On the contrary, doing it at the higher level is a horrendous pain, and the
smooth simplicity of the low-level recovery (which has detailed guidance
from the higher level, remember) is an enormous win.  You have to experience
the difference to fully appreciate it -- I've written parsers both ways.

The problems with doing it at the higher level boil down to (a) it adds a
lot of complexity to the code, and (b) error repair often has to cross
the boundaries of syntactic structures, which is painful in recursive
descent because those are function boundaries in the parser.  By contrast,
the low-level approach requires 100 lines or so of code to handle *all*
syntactic error repair for the entire compiler, and it's all in one place
rather than interspersed throughout the parser.

> ... Okay...  Now I've told the user it screwed
> up, let's recover from this sucker.  The simplest thing to do, since
> I'm in an expression, is to toss tokens until I get to a synchronizing
> token like a semi...

Just where does the code that does this reside?  Remember that the code
for parsing an expression is big and complicated, and may be spread over
several functions.  (In a straightforward recursive-descent parser, it
will be a dozen or more functions.)  They all have to cooperate very
carefully to make even such a crude algorithm work.  This takes a lot
more effort and code than you would think.

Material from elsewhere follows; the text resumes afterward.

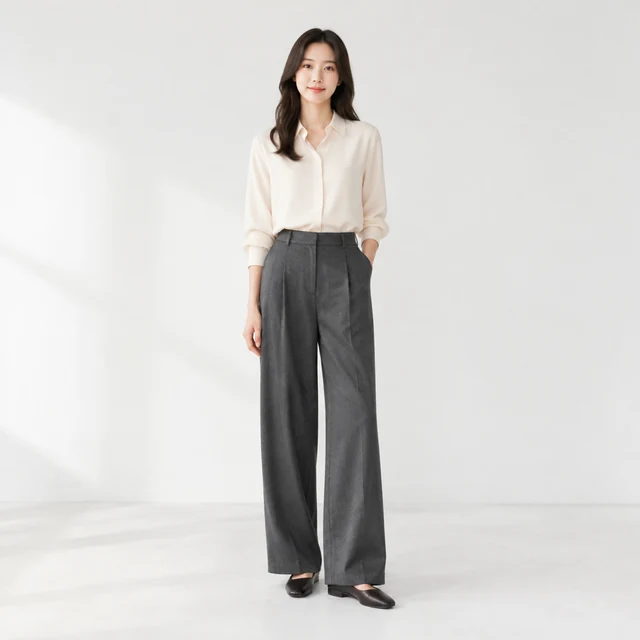 Adult model in a plain cream blouse and charcoal trousers, full outfit visible in a neutral studio.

Also, you've missed an (admittedly non-obvious) point in my contribution.
The error repair need not be at anywhere near as gross a level as throwing
away everything until the next semicolon.  That is necessary as a "backstop"
algorithm, but the more local resync heuristic can be something like "if the
input token is punctuation and the requested one is not, throw away the input,
otherwise keep it".  This repairs many minor goofs promptly and *correctly*.

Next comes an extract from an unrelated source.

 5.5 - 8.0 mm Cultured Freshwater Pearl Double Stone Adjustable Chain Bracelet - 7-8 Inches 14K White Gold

				Henry Spencer @ U of Toronto Zoology
				{allegra,ihnp4,decvax,pyramid}!utzoo!henry
--
Send compilers articles to ima!compilers or, in a pinch, to Levine@YALE.ARPA
Plausible paths are { ihnp4 | decvax | cbosgd | harvard | yale | cca}!ima
Please send responses to the originator of the message -- I cannot forward
mail accidentally sent back to compilers.  Meta-mail to ima!compilers-request

johnl@ima.UUCP (08/17/87)

OK, he wants flames...

chuck@amdahl.amdahl.com (Charles Simmons) writes:
> A while ago I suggested that one cannot write a reasonable
> compiler using YACC. ... I claim it is impossible to write a reasonable
> compiler using YACC. ... ... I further claim it is impossible to produce
> reasonable error messages using YACC.

I've been working on a production compiler that uses Yacc for parsing,
and I've given a bit of thought to this.  I claim that it is indeed
possible to produce good syntax error messages.  The strategy is to
print out several things:

	1. a message that a syntax error has been found
	2. a pointer to the token which caused the parser to barf
	(This is extremely important -- in practice this pointer is
	almost all a programmer needs.  Compare this to the usual
	style: "line 37: invalid declaraction" when line 37 contains
	a nasty mess of structs and unions.)
	3. a description of the token that was found
	(In case it tokenizes differently than the programmer expected.)
	4. a listing of the tokens that are valid in this position
	(This gets long in some cases (expression operand expected,
	operator expected, and statement verb expected), so some
	special case code is needed to condense these forms.)
	This functions as a quick refresher of the grammar for the
	programmer.  This isn't so important for languages like C with
	a small grammar, but its very useful for languages like ours that
	have over 50 different statements.  (uck!)
	5. a summary of where the parse stands now:
		statement-list ; l-value = expression + (

All of this stuff is immediately accessible from Yacc's tables.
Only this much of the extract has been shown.